Some salt-savvy terminology to look out for when reading food labels
What the label says | What it means |
Salt/Sodium-Free | Less than 5 mg of sodium per serving |
Very Low Sodium | 35 mg of sodium or less per serving |
Low Sodium | 140 mg of sodium or less per serving |
Reduced Sodium | At least 25% less sodium than the regular product |
Light in Sodium or Lightly Salted | At least 50% less sodium than the regular product |
No-Salt-Added or Unsalted | No salt is added during processing – but these productsmay not be salt/sodium-free unless stated |
What about salt substitutes?
Salt substitutes can be a good option for some people, especially those with high blood pressure. However, many salt substitutes contain potassium chloride instead of sodium chloride. While this might be a good option for some, individuals with kidney problems may need to avoid salt substitutes with potassium.
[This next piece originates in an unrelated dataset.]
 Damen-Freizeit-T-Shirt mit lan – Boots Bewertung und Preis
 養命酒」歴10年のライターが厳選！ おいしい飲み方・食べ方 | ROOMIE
Examples of Salt Substitutes
NuSalt: This is a salt alternative that contains potassium chloride.
NoSalt: This is another alternative to salt that is also potassium chloride-based.
Morton Lite Salt: This is a salt substitute that contains a mixture of sodium chloride and potassium chloride. It has 50% less sodium than regular table salt.
Morton Salt Substitute: This is an excellent alternative for people who need to reduce their sodium intake. It's entirely potassium chloride, which tastes very similar to regular salt but doesn't contain any sodium.
Kelp Salt: This is a natural alternative to traditional salt. It's made from dried kelp, a type of seaweed, and can have a slightly fishy taste. Kelp salt is rich in iodine and other minerals, making it a nutritious option for seasoning your dishes.